Community Care's CEO, Richard Simon, and its CMO, Sarah Chouinard, M.D., realized that by changing the way they addressed the opioid crisis, they might have an easier time recruiting new primary care physicians. So they hired a board-certified anesthesiologist to oversee the care of all patients prescribed opioids — and to relieve their primary care doctors of the precarious, time-consuming decision-making related to pain management in patient encounters.

Now, Community Care's providers refer patients to the pain management physician for a thorough examination. He reviews medical and psychological histories, cross-checks prescriptions against the state's Prescription Drug Monitoring Program database, assesses addiction risk, and integrates alternative therapies. When he determines a need for medication, the patient signs a contract setting terms for its use, and agrees to be monitored via urine tests and pill counts. Patients are seen by their primary care providers for all other needs.

The outcome

The Community Care pain program was just what Gregory Peters, M.D., a recent graduate, was looking for in his first job. “The thought that I could treat patients without having to deal with the chronic pain issue was really appealing," says Peters, “because I could say to patients, 'Okay, we have a way to help your pain. Let's talk about your medical problems.'"

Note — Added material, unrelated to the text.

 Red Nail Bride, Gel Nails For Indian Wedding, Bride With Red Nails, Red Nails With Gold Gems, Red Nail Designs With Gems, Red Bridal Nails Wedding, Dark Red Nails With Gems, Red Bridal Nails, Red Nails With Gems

Ten percent of Community Care's patients visit the pain management program each year. EHR data from more than 100,000 patient visits since the program began also shows a steady rise at the system's health centers in treatment for chronic diseases, paralleled by a drop in opioid prescribing — indicating that Community Care's primary care physicians now have the time and focus to address all of the medical needs of their patients.

And the pain management program has enabled Community Care to recruit the young providers who will be key to expansion. “With their energy and enthusiasm," says Simon, “quality improves automatically."